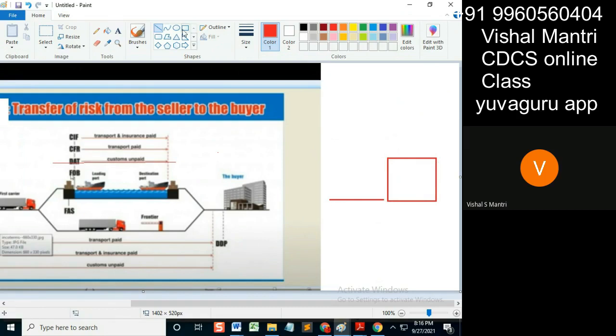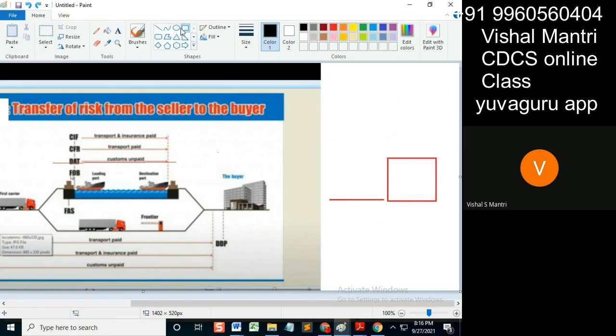Now if I place these goods... if I place these goods over here. Oh sorry, let me make this circle. If I place these goods over here...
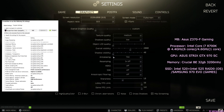You can see the settings that I'm using in the game. On the left, you can see my Nvidia control panel settings for Escape from Tarkov, and on the right, you can see the specs of my PC. Now, let's move to the test footage — and if you like this video, you can stay tuned to this channel.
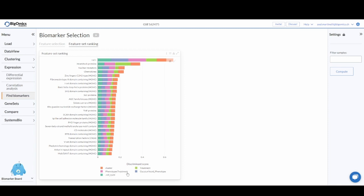You can also see that they are quite prominent for cluster and cell cycles, but we can ignore these two phenotypes as they are automatically generated by the platform.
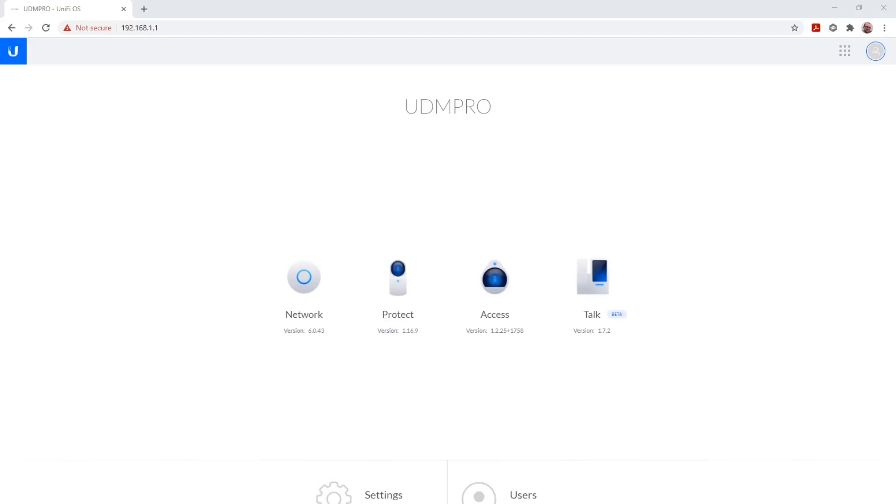Hello, my name is Mike. I'm the owner of MBIoT Network Solutions. Today we will talk about the Unified Dream Machine Pro.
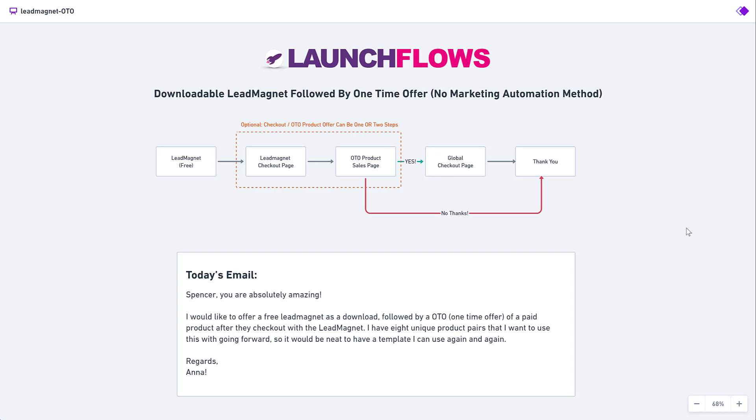Hey, it's Spence from LaunchFlows.com. In this tip of the day, I've got a question that came in from Anna.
=======
Omit every picture, then reproduce the rest of the listing exactly.

Now if I place these goods... if I place these goods over here. Oh sorry, let me make this circle. If I place these goods over here...
You can see the settings that I'm using in the game. On the left, you can see my Nvidia control panel settings for Escape from Tarkov, and on the right, you can see the specs of my PC. Now, let's move to the test footage — and if you like this video, you can stay tuned to this channel.
You can also see that they are quite prominent for cluster and cell cycles, but we can ignore these two phenotypes as they are automatically generated by the platform.
Hello, my name is Mike. I'm the owner of MBIoT Network Solutions. Today we will talk about the Unified Dream Machine Pro.
Hey, it's Spence from LaunchFlows.com. In this tip of the day, I've got a question that came in from Anna.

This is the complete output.